From: Stanley Lucas <slucas@iri.org>

d. Freedom of Movement within the Country, Foreign Travel, Emigration, and Repatriation

The Constitution provides for these rights, and the Government generally respects them in practice.

An unknown number of undocumented migrants put to sea during the year seeking better economic opportunities in other countries. The Government's National Migration Office (ONM) is responsible for assisting citizens repatriated from other countries, including the Dominican Republic, the Bahamas, Cuba, and the United States. In 2000 the ONM stopped meeting, processing, and providing humanitarian services to involuntarily repatriated migrants. However, in June ONM again began to meet and process repatriated citizens. It infrequently gives small sums of money to the repatriated migrants to fund their transportation home. According to the International Organization for Migration, the Dominican Republic deports approximately 500 Haitians each month across the border. In December the Dominican Republic's Directorate of Migration reported that 9,047 Haitians were repatriated during the year; however, the armed forces of the Dominican Republic carried out massive repatriations at the beginning of the year and claimed to have repatriated approximately 12,000 Haitians per month in the first 3 months of the year. These figures of claimed repatriations were significantly lower than similar claims made in 2000. There continued to be reliable reports of separation of families and maltreatment of Haitians by Dominican soldiers during the year. There were no credible reports of mistreatment of migrants repatriated to Haiti from other countries, including the U.S.

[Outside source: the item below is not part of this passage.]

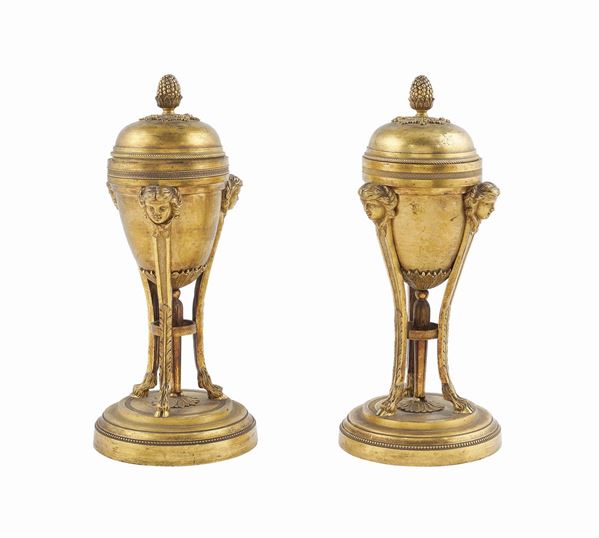 A pair of gilt bronze cassolettes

The law provides for the granting of asylum and/or refugee status in accordance with the 1951 U.N. Convention Relating to the Status of Refugees and its 1967 Protocol. On May 31, 12 Cuban refugees arrived at the northern city of Cap-Haitien. They were escorted to the local fire station and were aided by government authorities. Although they verbally claimed asylum, they left for the Dominican Republic on June 11. The question of provision of first asylum did not arise. There were no reports of the forced return of persons to a country where they feared persecution.

Section 3 Respect for Political Rights: The Right of Citizens to Change Their Government

The Constitution provides citizens with the right to change their government peacefully. In practice the political system remains in transition from a dictatorial system to a more open and competitive one. The dominant FL political party manipulated legislative and exaggerated electoral participation in the presidential elections of 2000. The FL controls all government power, including the presidential, legislative, and judicial branches. Most local and regional elected leaders are members of the FL.

In May 2000, a first round of long overdue senatorial, legislative, and municipal elections to fill vacant posts took place after repeated postponements. There were scattered acts of violence in the months leading up to the election.

Under the Constitution and electoral law, a candidate for the Senate or Chamber of Deputies must receive an absolute majority of votes cast in order to be elected in the first round of voting. If no candidate receives a majority, a second round runoff is required. The Senate results published by the CEP announced that the ruling FL party won 16 of the 17 Senate seats in the first round. These results were based on what opposition parties and independent observers termed a flawed interpretation of both the Constitution and the electoral law.

Observers described these elections as generally free and fair despite some scattered irregularities. However, the CEP manipulated the results by its choice of a methodology in calculating the percentages for the determination of Senate seats, the faulty transmission of results, and the arbitrary treatment of challenges that affected the results of several races. A December 2000 OAS report also described significant candidate intimidation and theft of ballots. Because the Government refused to correct these manipulations, a political standoff between the FL and the opposition ensured. Opposition parties boycotted a second round of legislative elections in July 2000 (which included no senatorial seats) and the second round November 2000 presidential elections. Despite local and international calls not to seat the Parliament before resolution of the election controversy, in August 2000, Parliament was sworn in formally.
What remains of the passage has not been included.